Strona:PL Zola - Rozkosze życia.djvu/41

Z Wikiźródeł, wolnej biblioteki
Ta strona została przepisana.
II.

Od pierwszych dni obecność Paulinki wniosła radość w dom. Jej dobre zdrowie, rozsądek spokojny, uśmiech, uspakajały głuche niesnaski, w których żyta rodzina Chanteau. Ojciec znalazł w niej opiekunkę w chorobie, matka była szczęśliwa, że syn więcej w domu zostaje. Jedna tylko Weronika ciągle jeszcze gderała po cichu. Zdawało się, jakby owe sto pięćdziesiąt tysiecy franków, zamknięte w szufladce biurka, nadawały rodzinie wygląd ludzi bogatszych, jakkolwiek tych pieniędzy nie dotykano. Nowy związek tworzył się pomiędzy nim i powstawał on na podstawie jakiejś nadziei, wśród ich finansowej ruiny, chociaż nie wiedziano naprawdę jaka to była ta nadzieja.

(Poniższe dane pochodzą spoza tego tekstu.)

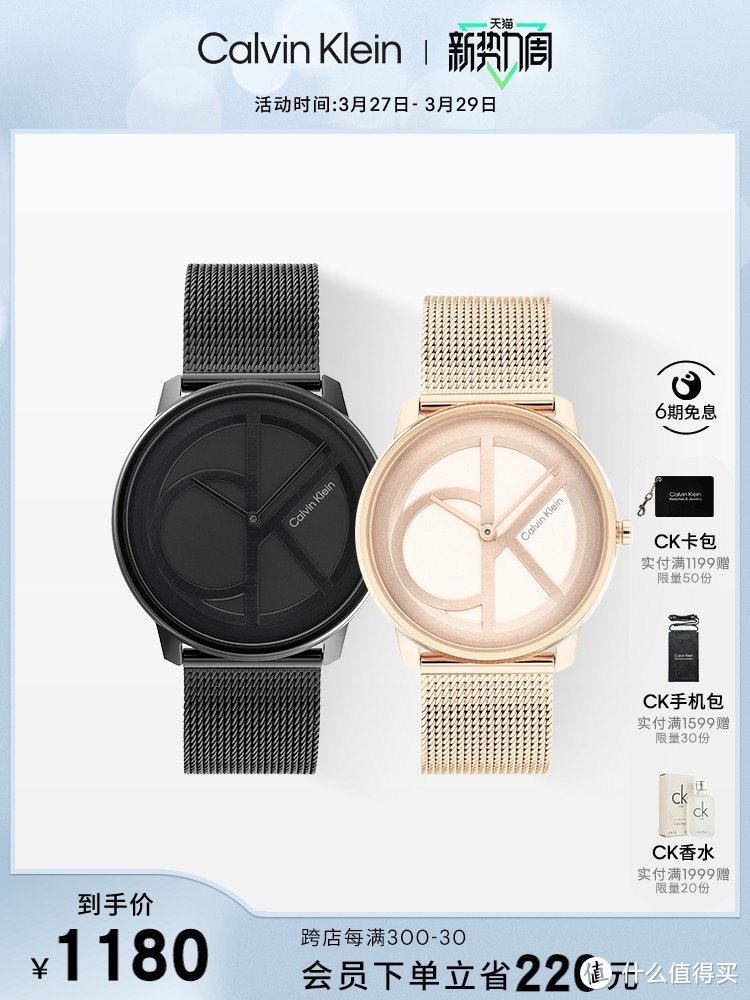 四个Ck手表，买哪个呢！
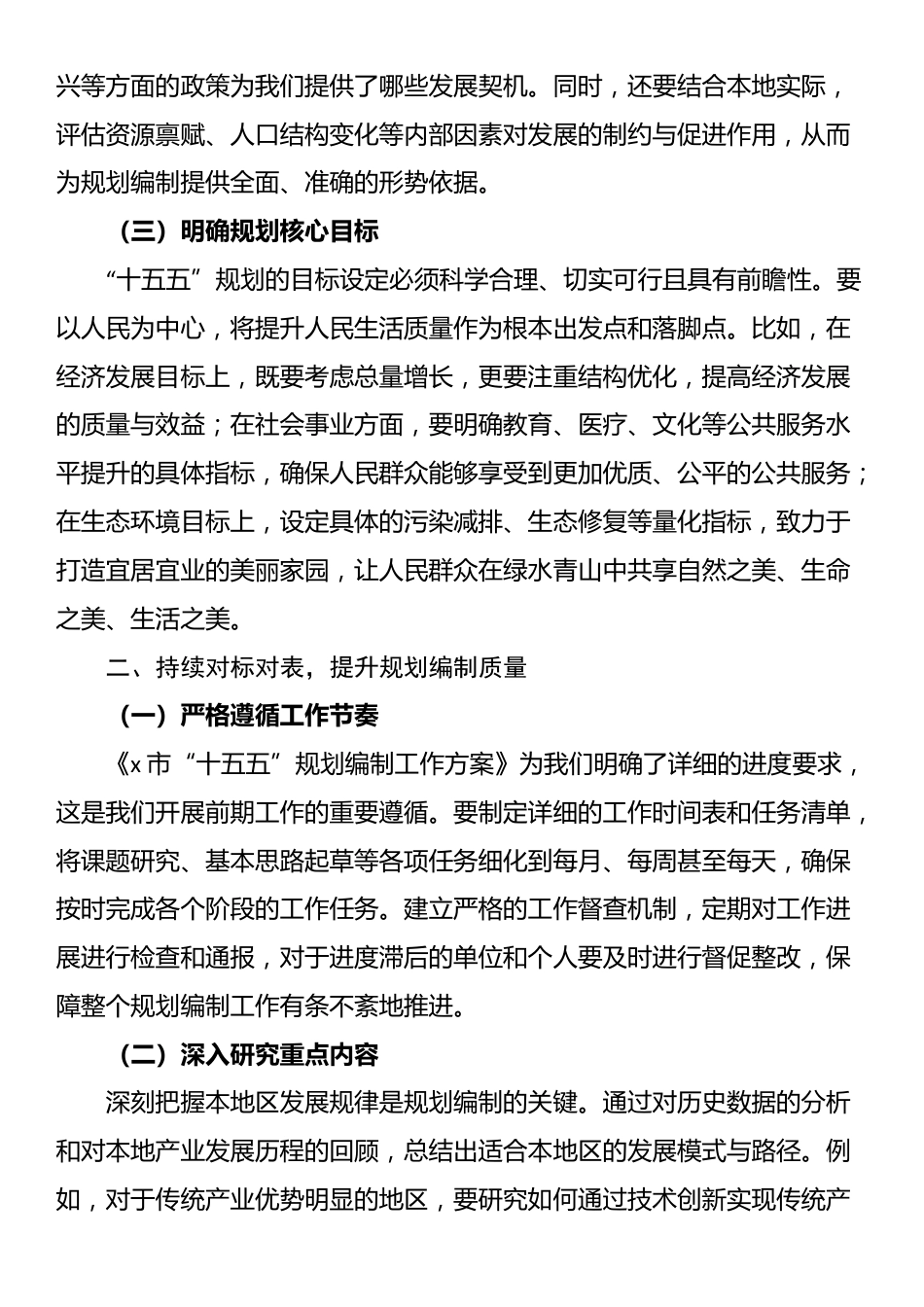 在区（市）县“十五五”规划前期工作调度会上的讲话_第2页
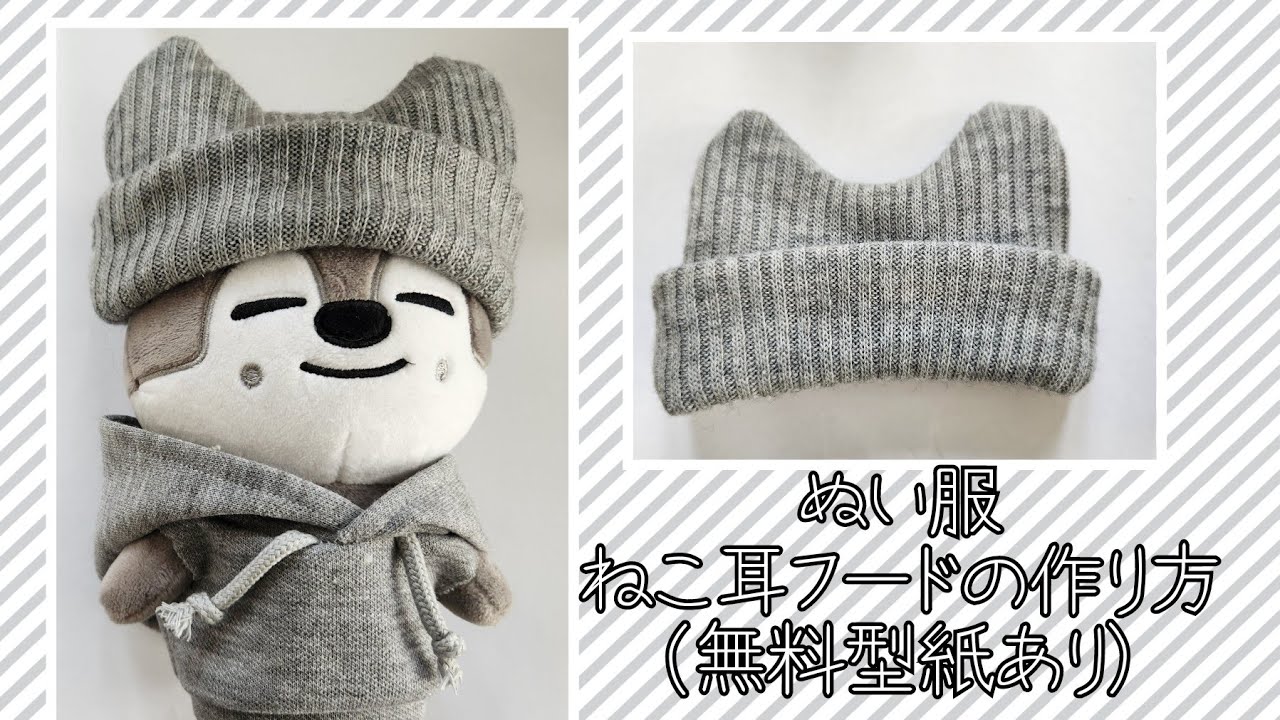 ちびぬい 猫耳帽 オーダーページ ぬい服】猫耳ニット帽の作り方（無料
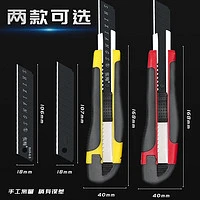 反转 美工刀工业用包胶防滑电工刀壁纸刀家用裁纸开箱工具刀大号拆快递包裹刀办
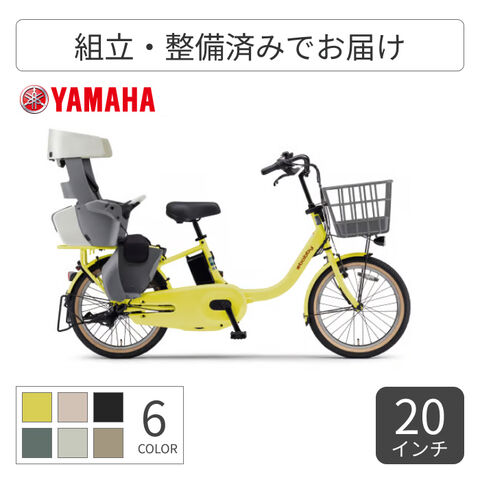 dショッピング |子供乗せ自転車 電動自転車 YAMAHA(ヤマハ) PAS babby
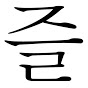 신천지 맹도들이 싫어합니다 신천지 맹도들이 싫어합니다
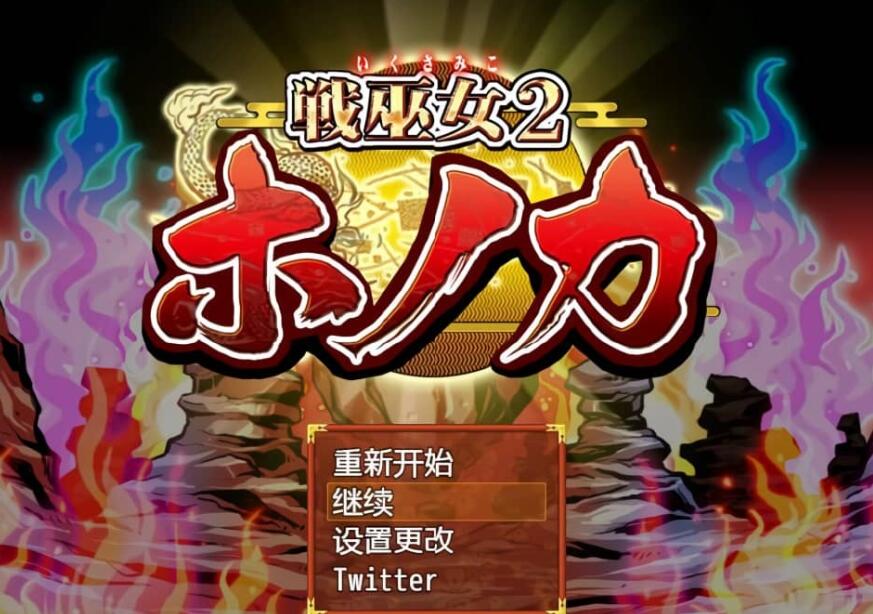 【PC/2D/RPG/汉化】战巫女2穂花:为爱人签下契约的女驱魔师 V1.31 AI汉化版+存档【1.2G】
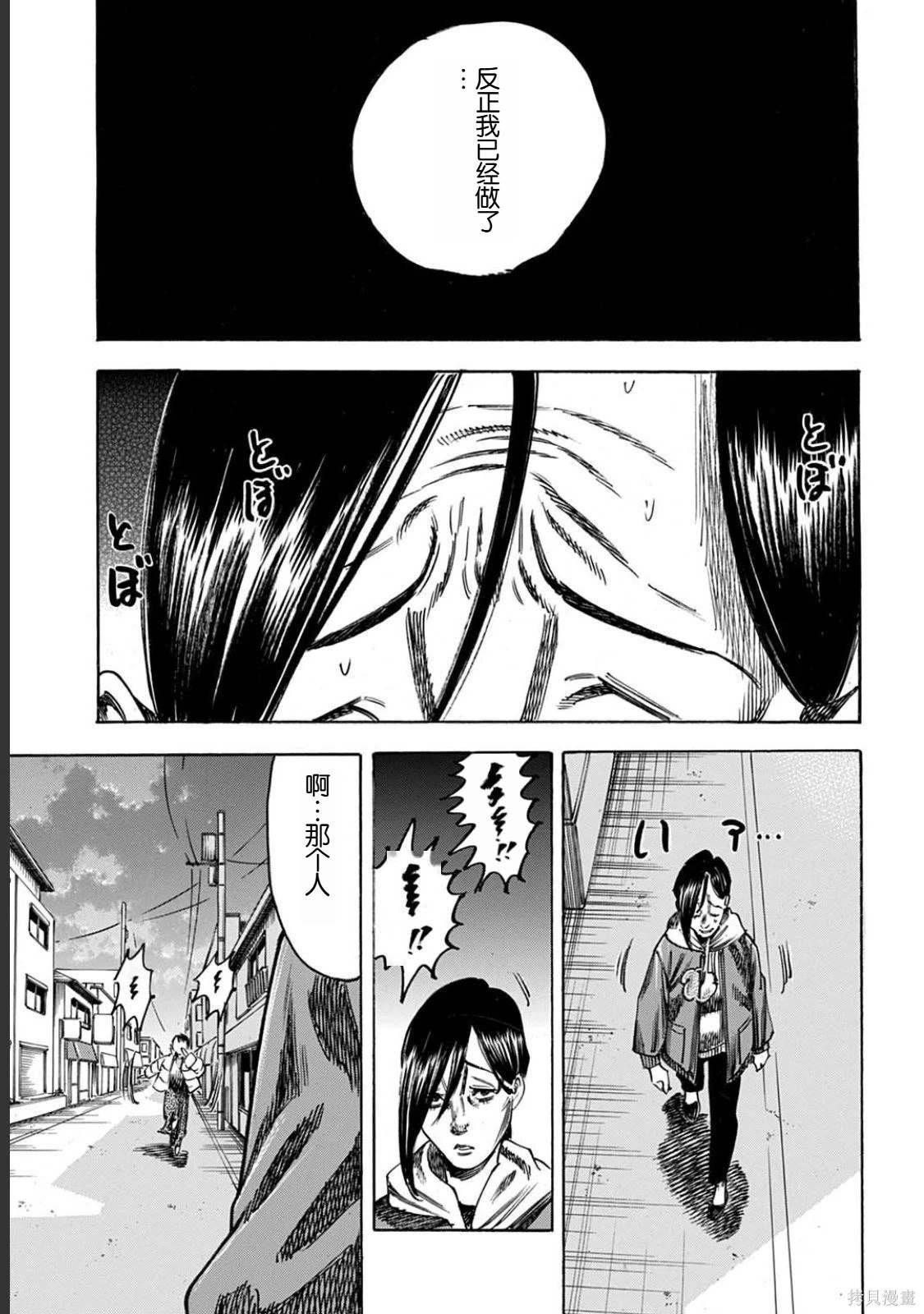 第51.2话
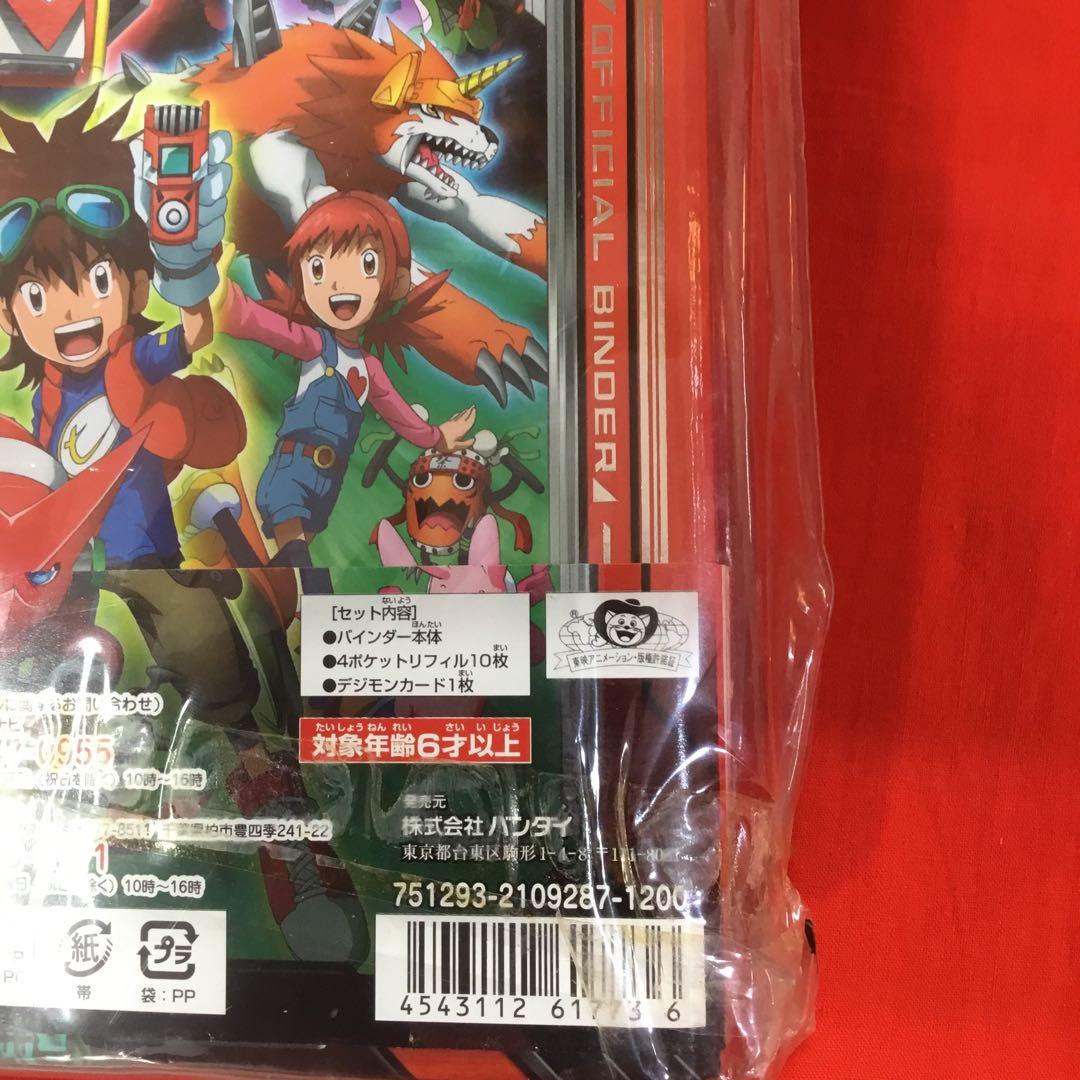 超デジカ大戦　バインダー　デジモンカード　絶盤　クロスウォーズ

W dwa dni później, w nocy, atak podagry, który Chanteau przeczuwał, wybuchł nakoniec. Od tygodnia już doznawał on jakichś strzykań w stawach, dreszczów nagłych, które wstrząsały jego członkami, wstrętu nieprzezwyciężonego do wszelkiego ruchu. Wieczorem położył się spać, mając nadzieje, że jeszcze uniknie ataku, lecz o trzeciej rano ból straszny objawił się w wielkim palcu lewej nogi. Potem przeszedł do piety i następnie ogarnął kostką. Do rana skarżył się po cichu, pocąc się pod kołdrą i nie chcąc budzić nikogo. Ataki jego były czemś przerażającem dla całego domu. Biedny stary ociągał się z wołaniem aż do ostatniej chwili. Wstyd mu było, że choroba wracała i rozpacz go brała z powodu ogólniej niechęci i niecierpliwości, jaką jego podagra w całym domu budziła. Jednakże, gdy Weronika przechodziła pod jego drzwiami około ósmej rano, nie mógł wstrzymać krzyku, który mu z piersi wydarł ból dotkliwszy w tej chwili.
— Oto jest, już go masz! — gderała służąca. — Stary znów wrzeszczy.